The consequence is any write operation started after the fork will not be taken in the dump. The dump is a consistent snapshot taken at fork time.
2) Keeping track of the fork point
You can estimate the fork timestamp by running the INFO persistence command and calculating rdb_last_save_time - rdb_last_bgsave_time_sec, but it is not very accurate (second only).
To be a bit more accurate (millisecond), you can parse the Redis log file to extract the following lines:
[3813] 11 Apr 10:59:23.132 * Background saving started by pid 3816
You need at least the "notice" log level to see these lines.
As far as I know, there is no way to correlate a specific entry in the AOF to the fork operation of the RDB (i.e. it is not possible to be 100% accurate).

Is Redis a memory only store like memcached or does it write the data to the disk

Is Redis memory only store like memcached or does it write the data to the disk? If it does write to the disk, how often is the disk written to?
Redis persistence is described in detail here:
http://redis.io/topics/persistence
By default, redis performs snapshotting:
By default Redis saves snapshots of the dataset on disk, in a binary file called dump.rdb. You can configure Redis to have it save the dataset every N seconds if there are at least M changes in the dataset, or you can manually call the SAVE or BGSAVE commands.
For example, this configuration will make Redis automatically dump the dataset to disk every 60 seconds if at least 1000 keys changed: save 60 1000
Another good reference is this link to the author's blog where he tries to explain how redis persistance works:
http://antirez.com/post/redis-persistence-demystified.html
Redis holds all data in memory. If the size of an application's data is too large for that, then Redis is not an appropriate solution.

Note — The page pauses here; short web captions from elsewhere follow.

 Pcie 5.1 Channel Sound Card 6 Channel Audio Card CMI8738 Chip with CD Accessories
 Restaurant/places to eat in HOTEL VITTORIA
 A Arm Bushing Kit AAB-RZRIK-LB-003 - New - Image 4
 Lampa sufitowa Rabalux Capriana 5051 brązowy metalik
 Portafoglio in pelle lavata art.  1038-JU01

However, Redis also offers two ways to make the data persistent:
1) Snapshots at predefined intervals, which may also depend on the number of changes. Any changes between these intervals will be lost at a power failure or crash.
2) Writing a kind of change log at every data change. You can fine-tune how often this is physically written to the disk, but if you chose to always write immediately (which will cost you some performance), then there will be no data loss caused by the in-memory nature of Redis.